2. Green-light all foods.
There are no “good” foods and “bad” foods. You aren’t “good” for ordering the veggie plate or “bad” for eating pie. And kids shouldn’t grow up with a list of “good” and “bad” foods in their head. They shouldn’t connect their own goodness with what they’re eating.
These labels are especially confusing for kids, who may be genuinely afraid that they’re “bad” for liking and wanting cookies and chips. Most kids love sweets, yet parents may talk about sugar as being “bad” or kids being “good” if they ate fruit instead of cookies for dessert. (And don’t get me started on parents telling their kids that organic lollipops are “good” but regular ones are “bad”. Talk about confusing!)
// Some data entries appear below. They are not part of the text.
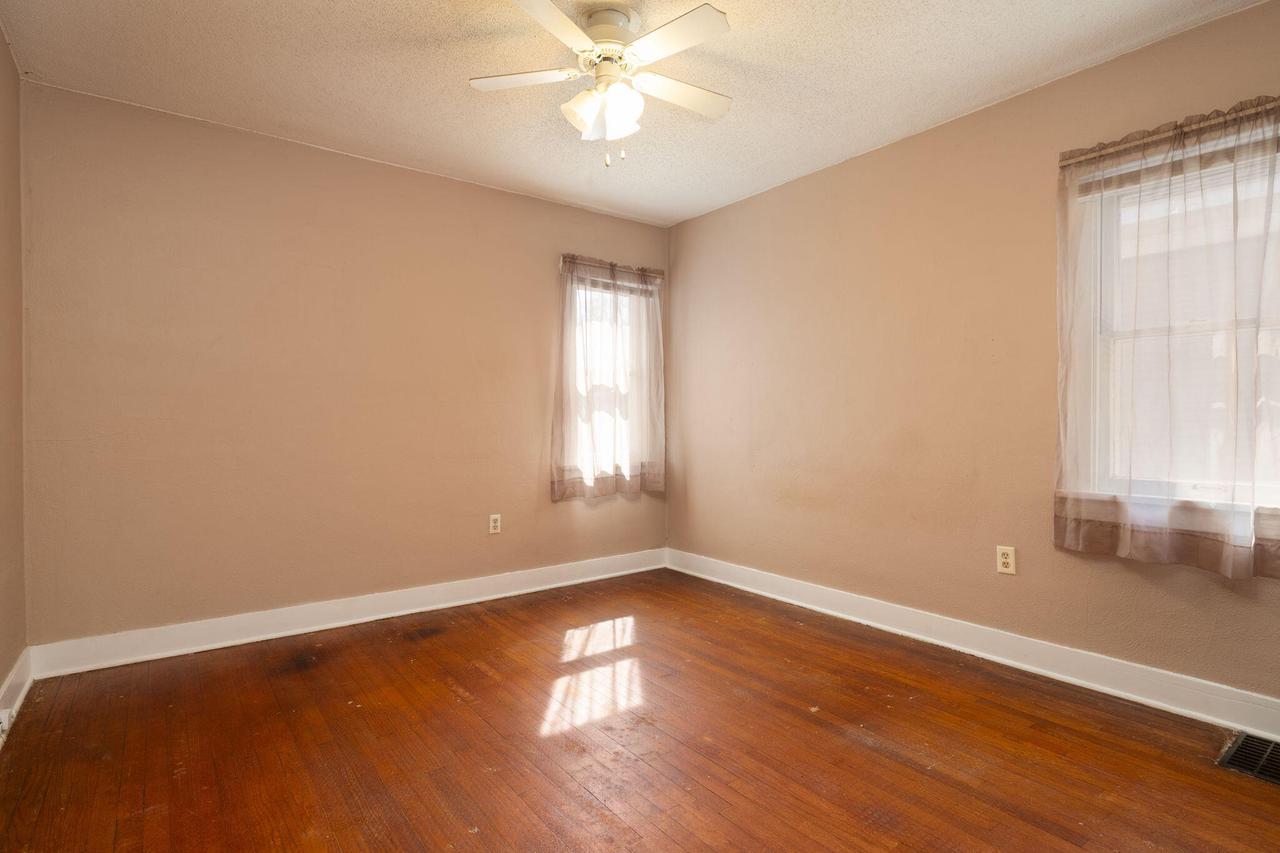 602 7th STREET SOUTH South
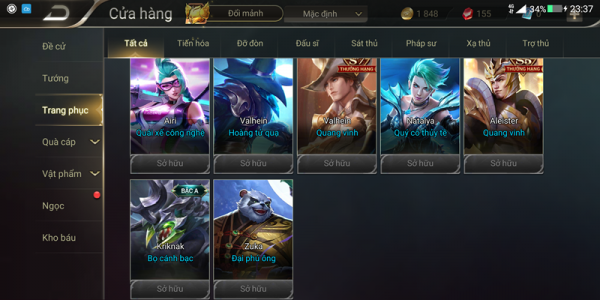 Screenshot_2018-08-12-23-37-55-284_com.garena.game.kgvn.png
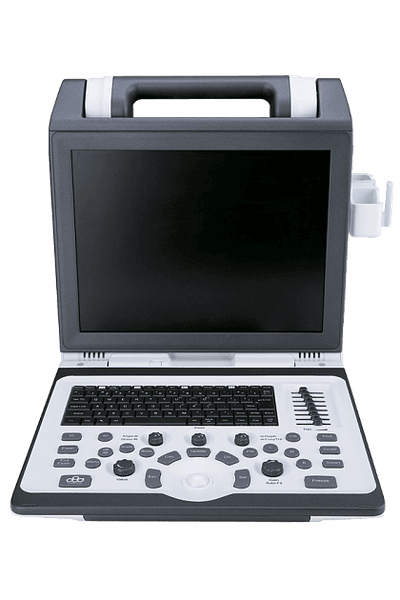 УЗИ аппарат SIUI Apogee 1100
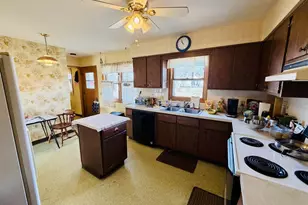 501 4th St, Brodhead, WI 53520 - Photo 12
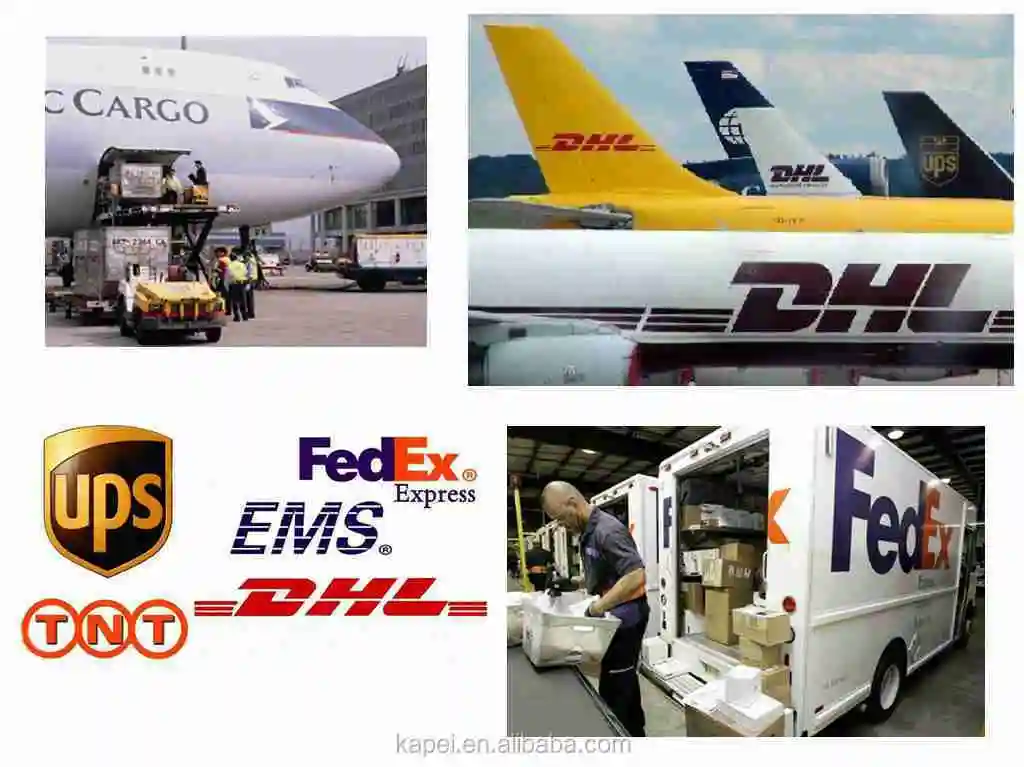 Насос высокого давления 8972523415 0470504026 для VP44 109342-1007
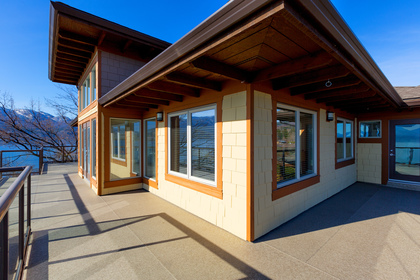 Kelowna Luxury Real Estate at 409 - 4205 Gellatly Road, West Kelowna, Central Okanagan Kelowna Luxury Real Estate at 409 - 4205 Gellatly Road, West Kelowna, Central Okanagan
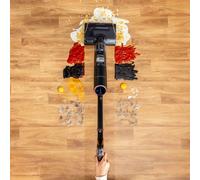 Rowenta Lavapavimenti X-Clean 7 senza fili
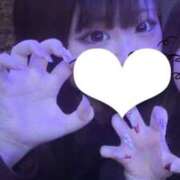 ヒメ日記 2026/02/03 22:18 投稿 きら ぷるるん小町日本橋店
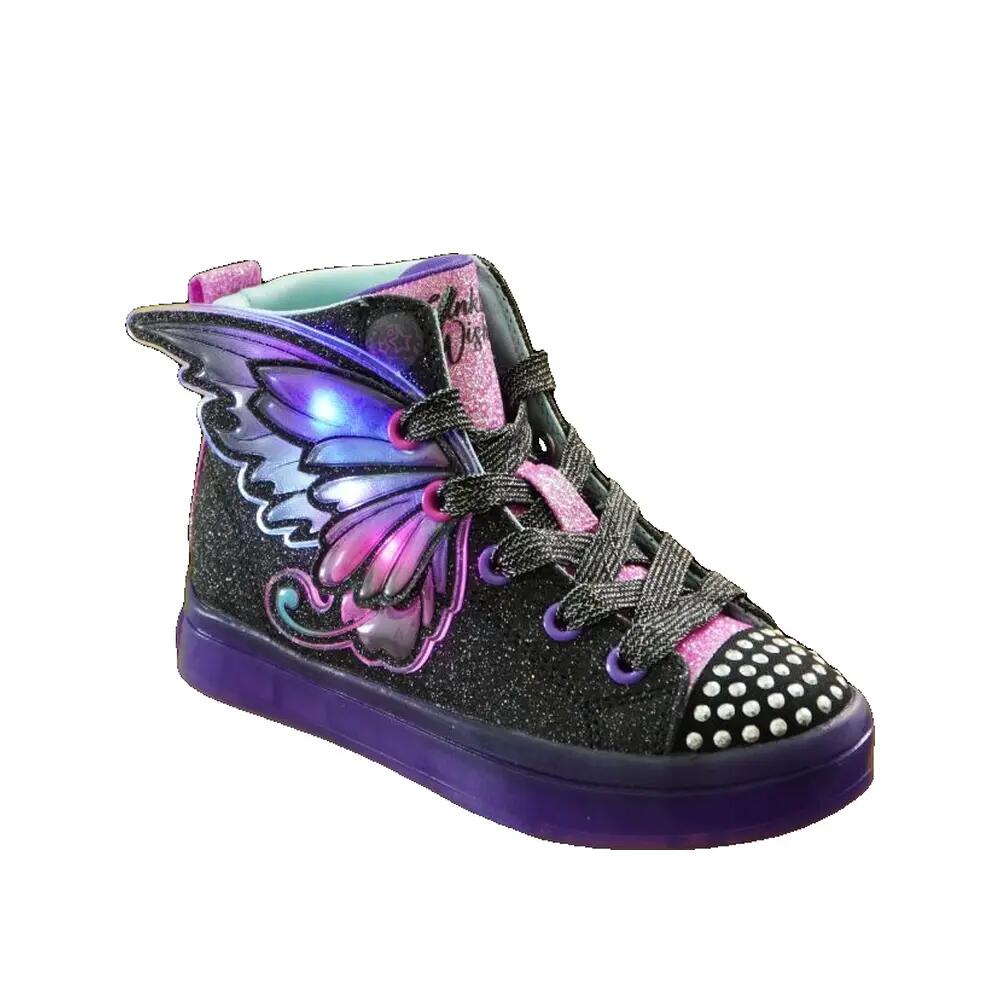 Buty Dziecięce Twilites 2.0 Twinkle Wishes 8/8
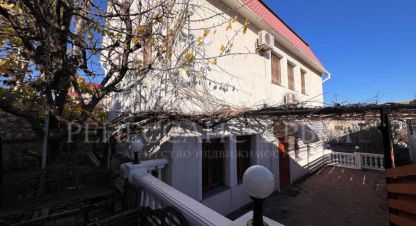 Купить дом 5-ти комнатную, 270 кв. м., Россия, г. Севастополь. Фотография №10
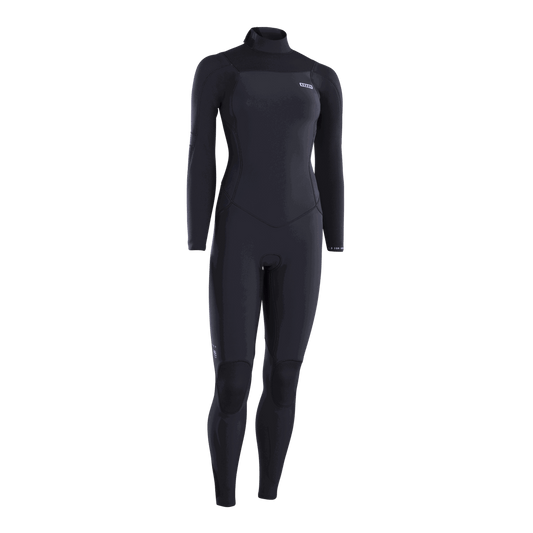 ION IOW-Wetsuit Amaze Amp 4/3 Back Zip women 2025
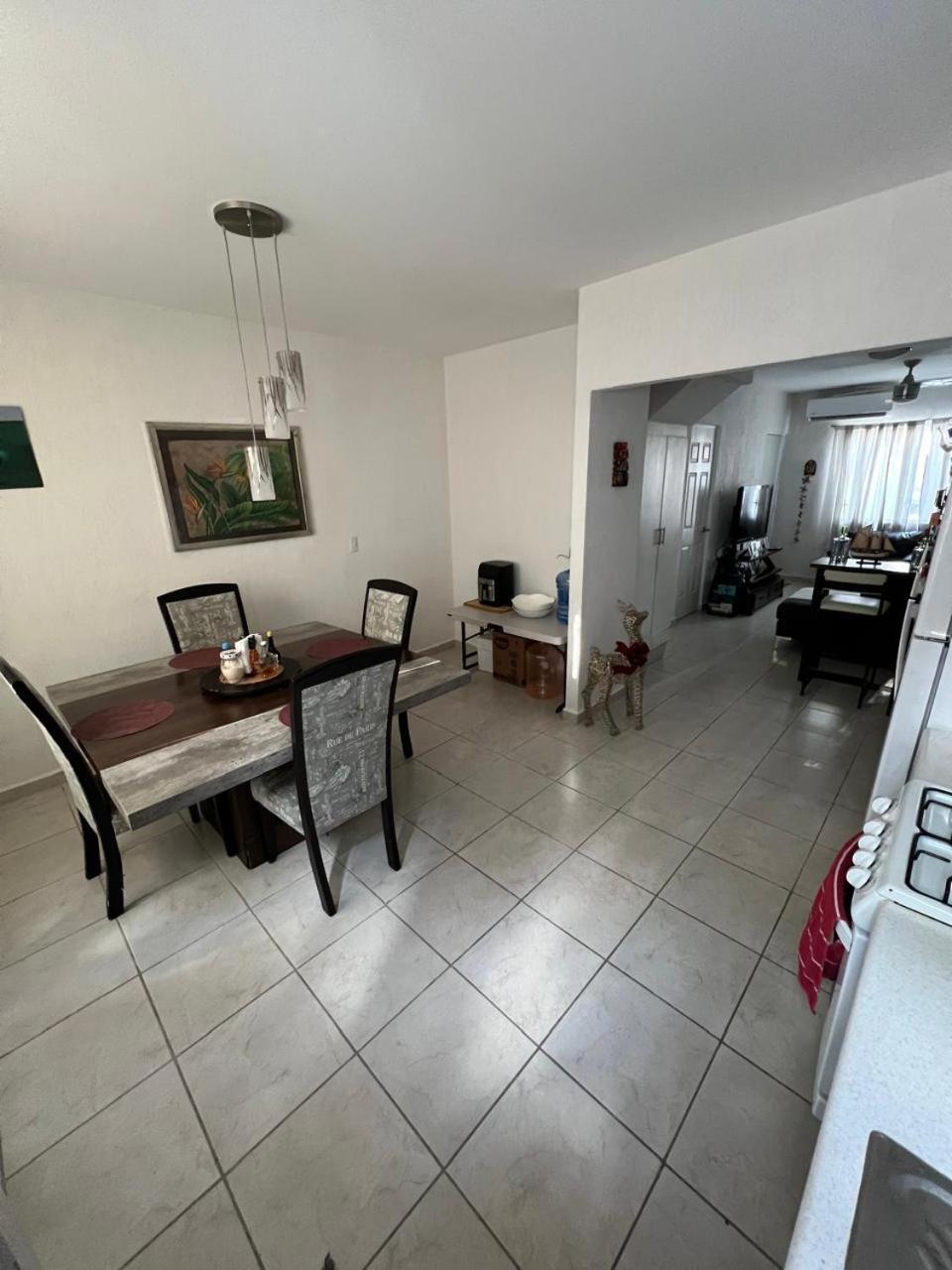 Casa Cancún, foto 7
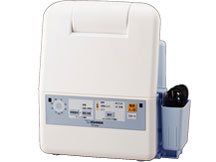 �X�}�[�g�h���C RF-AA20 �̐��i�摜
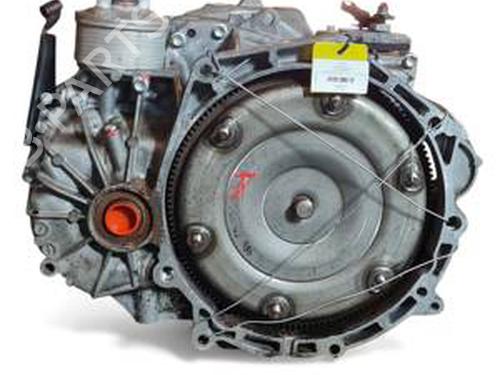 BP30655109M3 main image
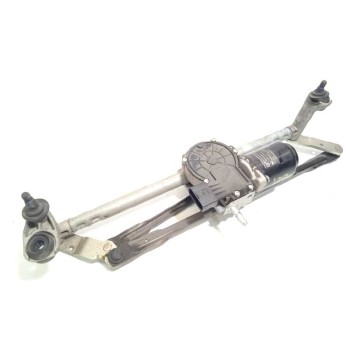 Recambio de motor limpia delantero para seat ibiza (6p1) 1.0 tsi referencia OEM IAM 6R1955113A 6R1955023D 6R1955023D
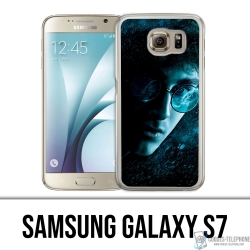 Funda Samsung Galaxy S7 -...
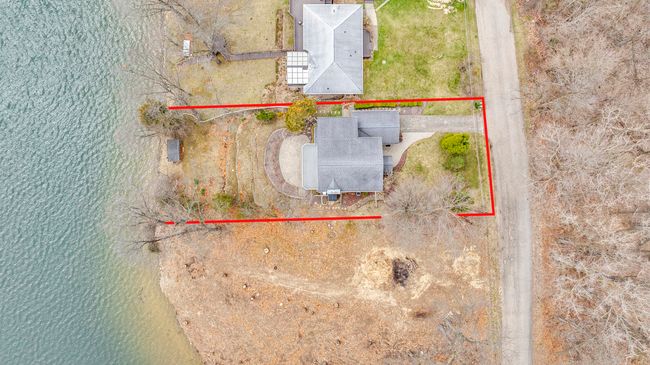11437 Highland Hills Dr, House other with 4 bedrooms, 3 bathrooms and null parking in Jerome MI | Image 55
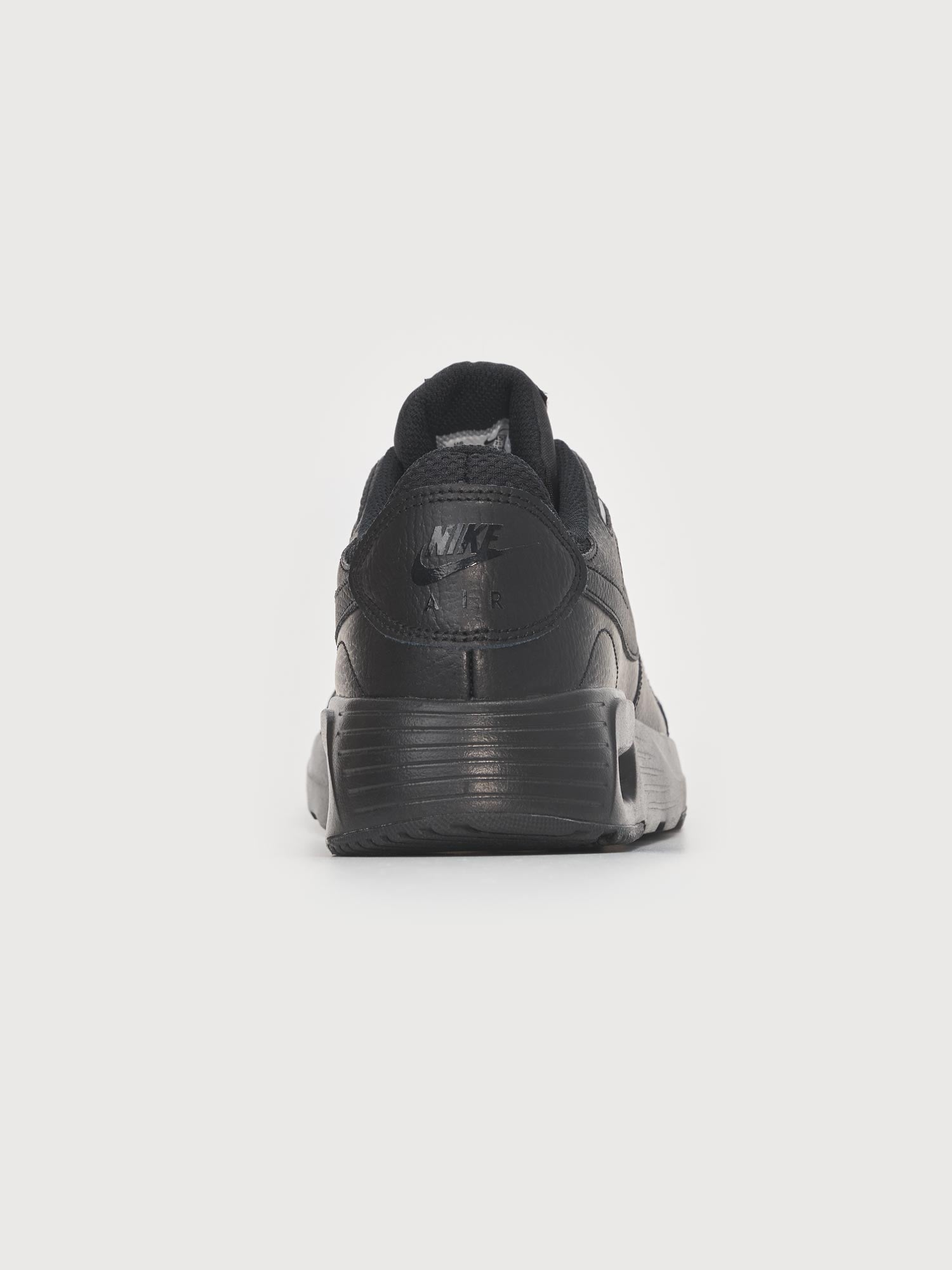 NIKE Обувки AIR MAX SC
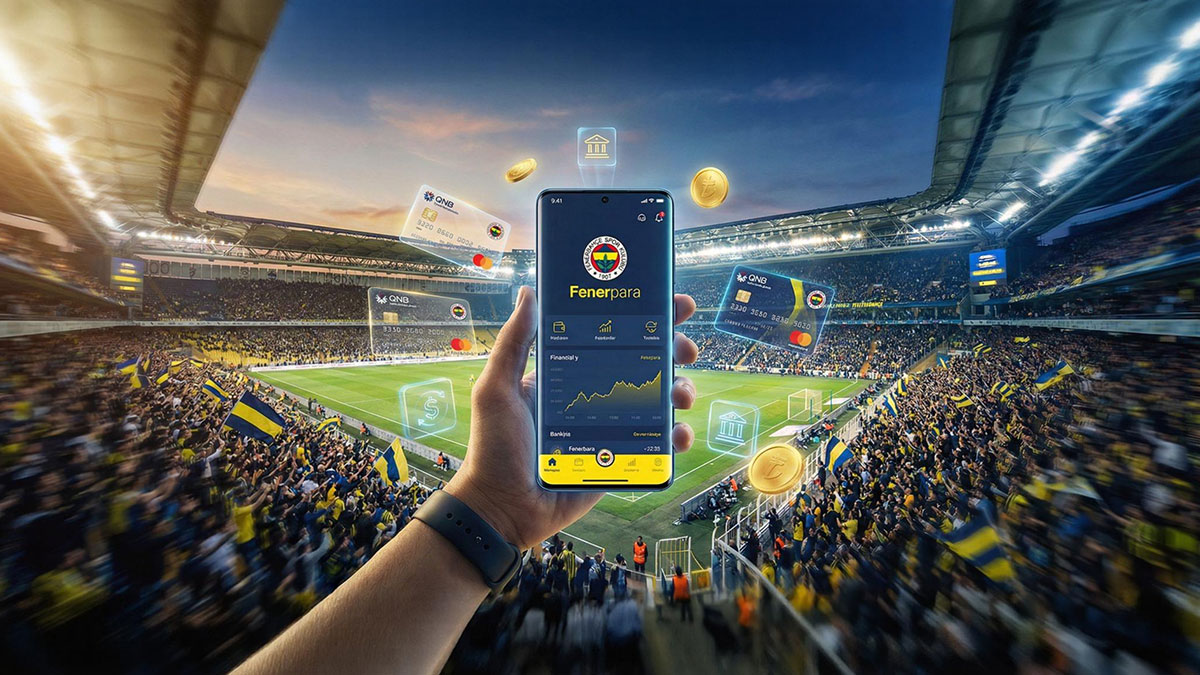 Fenerpara nedir, nasıl kullanılır, başvuru nereden yapılır? Fenerpara kredi kartı aidatı var mı?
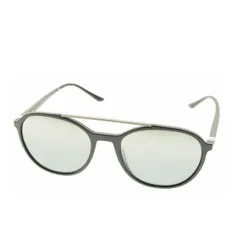 2025年最新】STARCKEYESの人気アイテム - メルカリ 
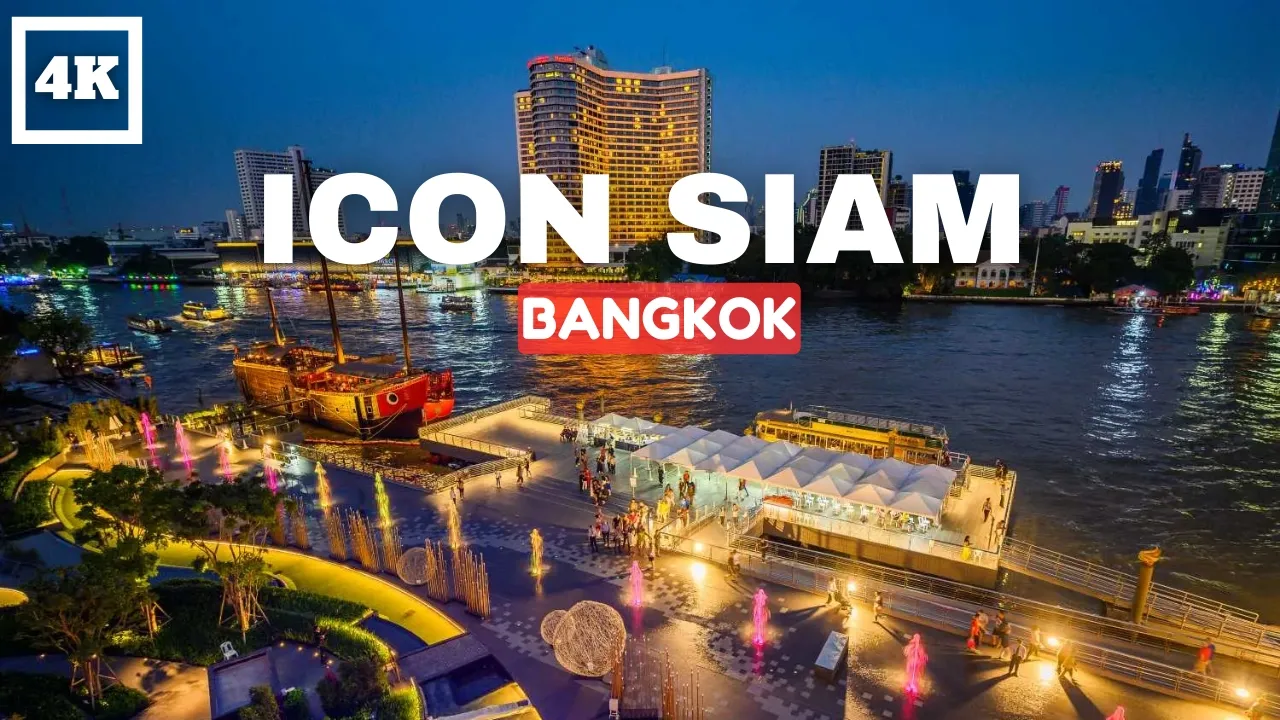 Youtube video Ehg8eXuSyFk 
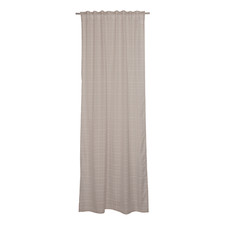 Fertiggardine Jil - Polyester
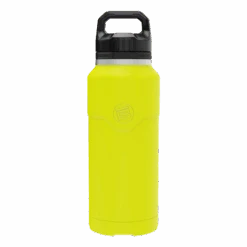 BOTE MAGNEBOTTLE WITH LID 36 OZ -Outdoor Equipment BMPB36 23 CTN 01 x800 9b8d66ed fc61 42dc 98df fa8cc5a7fc5b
If you grew up with diets and lists of foods that were off-limits, you might struggle with this, and that’s okay. This is your chance to break the cycle, and it can take some self-work.
3. Let kids control their portion.
Offer a variety of foods at mealtime and allow your kids (if they’re able) to serve themselves, letting them eat the foods and amounts they want.
Some research has shown that restricting how much kids eat–especially “forbidden” foods like desserts and salty snacks–can backfire, causing some children to crave them even more (and to even sneak or overeat them as a result).
Demands like “eat two more bites” are also unhelpful, interfering with your kids’ natural ability to recognize their own hunger and fullness (imagine your partner insisting that you take two more bites when you’re feeling stuffed!).
4. Make changes together.
Any tweaks related to food or exercise should be positive and involve the whole family–like more after-dinner walks or more fresh fruit on the counter. Nobody should be singled out with a weight-loss diet, food restrictions and rules, or extra exercise.
5. Don’t panic about your kid’s body.
Over the years, you’ll watch your child’s body grow and change–and there may be moments you worry. Talk to the pediatrician (privately), who can tell you if your child is following their growth curve–and if not, what might be going on. For instance, many kids gain pounds before inches leading up to a growth spurt.
But no matter where your child lands, it’s crucial to accept their body, which may be bigger, smaller, shorter, or taller than you thought it would be. Kids should feel loved and appreciated for who they are, not for the size of their bodies.